Start collecting proof
Ding advises looking through physical records and electronic records for any proof of the theft, e.g. footage, receipts, emails, saved documents, browser history. Collect as much information about the employee as possible from the records held by the employer and any devices that are owned by the company and used by the employee. Phone records and saved files may reveal further information.
“These need to be carefully combed through to see if there is anything to trace the theft,” says Julie.
If, after investigation, the employer finds that the theft was relatively confined – and there is sufficient proof – the next step Is to inform the employee they have been dismissed in accordance with the provision of their employment agreement re: theft.
“It’s vital that this step is only taken when there is objective proof, not just speculation,” stresses Julie. “If the employee stops coming to work, they might have caught wind of the fact that they’re under investigation. This would be deemed to be abandonment of employment and should not be permitted to return to work.
Depending on the value of the theft and whether or not the employer wishes to expend any resources in pursuing it, the most straightforward and cost effective way is to present the proof that has been collected together, and to send this to the Police for investigation.
“If the proof collected is clear, then it is highly likely the Police would bring charges against the employee,” says Julie. “If this occurs, the employer is entitled to seek reparation in the court process if the employee pleads or is found guilty and is sentenced.”
However, if the is not clear, then not only would the Police be unlikely to investigate, the employer could open themselves open to a claim to the Employment Relations Authority for unjustified dismissal, lost wages, and compensation for hurt and humiliation, cautions Julie.
There is an option is to bring a claim against the employee in the District Court, but Ding notes the costs are not usually not worth the amount of funds that have been taken.
“If it doesn’t meet the threshold of $350,000 for the High Court, then it will need to go to the District Court,” says Julie. “It’s not always economically viable to pursue the debt.”
If a major theft has been uncovered in the course of collecting proof, then the immediate step to take would be to apply for freezing orders in the High Court against the employee’s assets, and to apply for disclosure to determine where the money has been transferred to.
“The application needs to be specific, so it’s vital that the evidence being relied on is clear, reliable and as complete as possible,” says Julie. “Freezing orders are ex parte – therefore all information within the knowledge of the employer will need to be presented to the court in order to obtain orders.”
As further information comes to light, the employer should bring a claim against the employee.
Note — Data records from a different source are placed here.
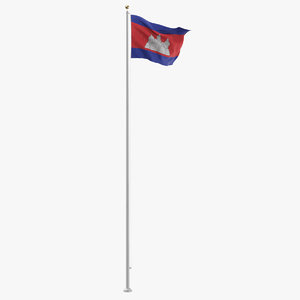 flag pole cambodia 3D model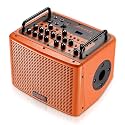 JOYO 40W Portable Acoustic Guitar Amp with Effect Rechargeable Bluetooth Combo Amplifier, Guitar &amp; Mic Channel 20 Drum Pattern, XLR DI Out, USB-C Recording &amp; Live Streaming for Phone (BSK-40 Orange)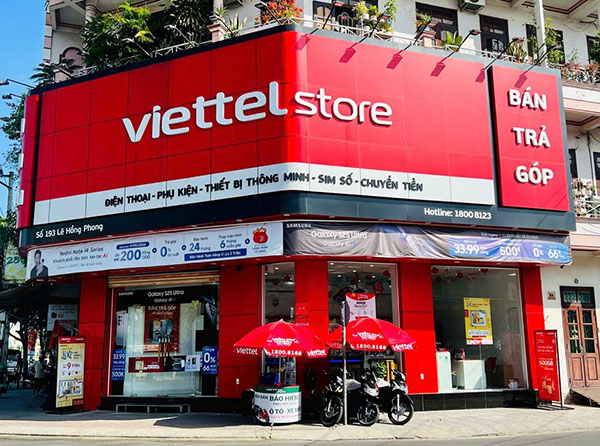 Mẫu bảng hiệu điện thoại Viettel Store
Julie notes that it would not be in the employer’s best interest, if they were capable of collecting evidence against the employee, to report the theft to the Police or the SFO.
“To ensure there is maximum recovery, civil proceedings should be brought first,” says Julie. “Then once those remedies are exhausted, the claim could be filed with the prosecuting agencies.”
If the employer does not wish to expend any resources in pursuing a claim against the employee, then similar to minor theft, it is less costly to simply file a claim with the Police/SFO and to ask those agencies – whichever is more appropriate – to investigate and to bring charges against the employee if deemed appropriate by them.
“Similarly reparation can also be sought by the employer, if the employee is charged and is found guilty or pleas guilty, at sentencing,” says Julie.